(Beginning of Data listing)
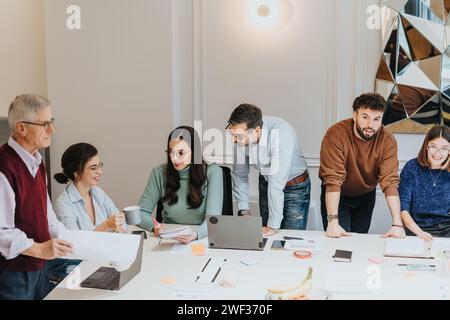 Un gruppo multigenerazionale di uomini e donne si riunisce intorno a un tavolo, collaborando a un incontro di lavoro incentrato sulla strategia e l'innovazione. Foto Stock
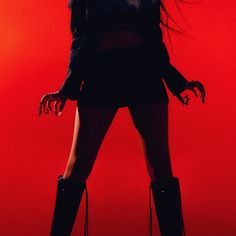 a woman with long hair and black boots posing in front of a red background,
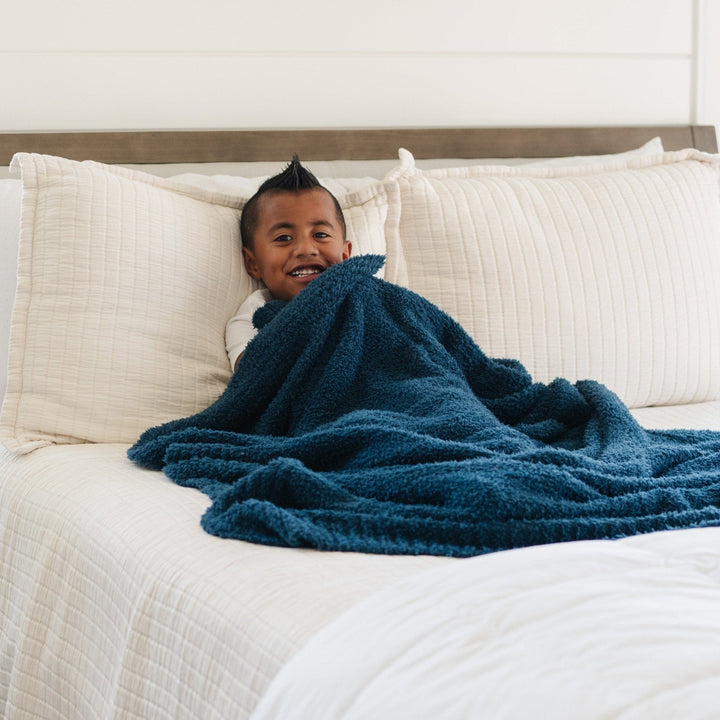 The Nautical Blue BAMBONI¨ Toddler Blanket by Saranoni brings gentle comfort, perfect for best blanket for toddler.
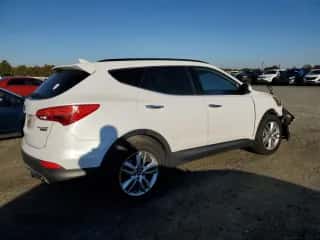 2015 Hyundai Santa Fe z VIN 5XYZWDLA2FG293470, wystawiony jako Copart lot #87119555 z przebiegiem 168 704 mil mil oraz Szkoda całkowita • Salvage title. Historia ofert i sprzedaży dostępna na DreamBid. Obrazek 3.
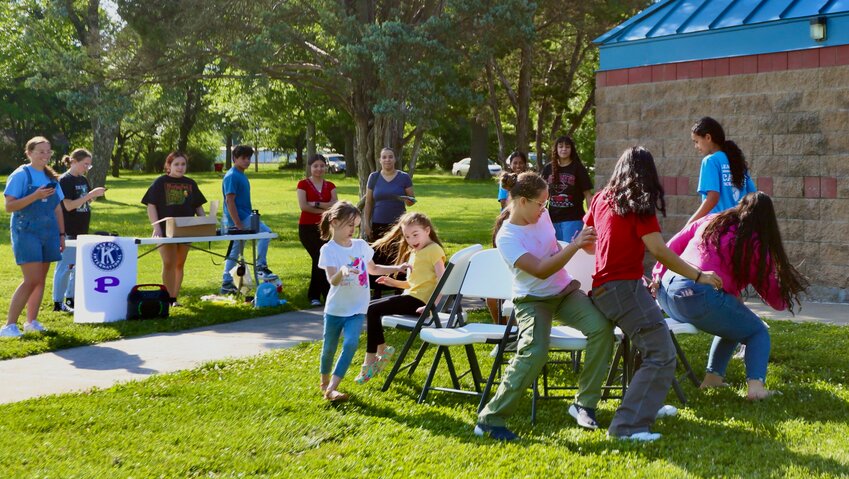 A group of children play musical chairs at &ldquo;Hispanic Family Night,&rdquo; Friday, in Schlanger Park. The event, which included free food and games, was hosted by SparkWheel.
(End of Data listing)
▶ _What is expected_
After locating the line with "The Nautical Blue", transcribe it and the rest of the data above exactly as written, without any picture.

▶ _Task result_
 The Nautical Blue BAMBONI¨ Toddler Blanket by Saranoni brings gentle comfort, perfect for best blanket for toddler.
 2015 Hyundai Santa Fe z VIN 5XYZWDLA2FG293470, wystawiony jako Copart lot #87119555 z przebiegiem 168 704 mil mil oraz Szkoda całkowita • Salvage title. Historia ofert i sprzedaży dostępna na DreamBid. Obrazek 3.
 A group of children play musical chairs at &ldquo;Hispanic Family Night,&rdquo; Friday, in Schlanger Park. The event, which included free food and games, was hosted by SparkWheel.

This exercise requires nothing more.